> **DIRECTIONS**: Entries follow. Give back exactly the lines starting at the one containing "Building Photo - 3740 Regency Cir" and ending at the one containing "Main picture of 3552 S Gateway Blvd", and no other lines.

> **DATA EXTRACT**:

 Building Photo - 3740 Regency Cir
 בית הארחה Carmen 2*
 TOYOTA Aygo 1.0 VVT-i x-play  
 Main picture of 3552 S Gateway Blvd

* * *

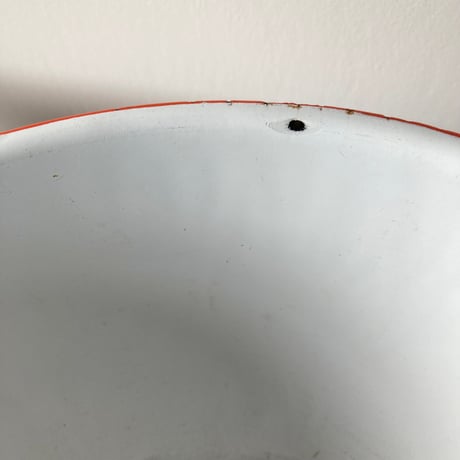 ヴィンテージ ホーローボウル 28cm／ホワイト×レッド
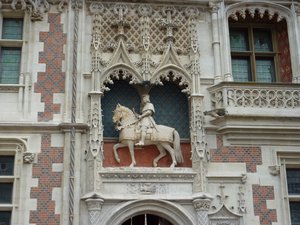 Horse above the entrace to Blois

> **TASK RESULT**:
 Building Photo - 3740 Regency Cir
 בית הארחה Carmen 2*
 TOYOTA Aygo 1.0 VVT-i x-play  
 Main picture of 3552 S Gateway Blvd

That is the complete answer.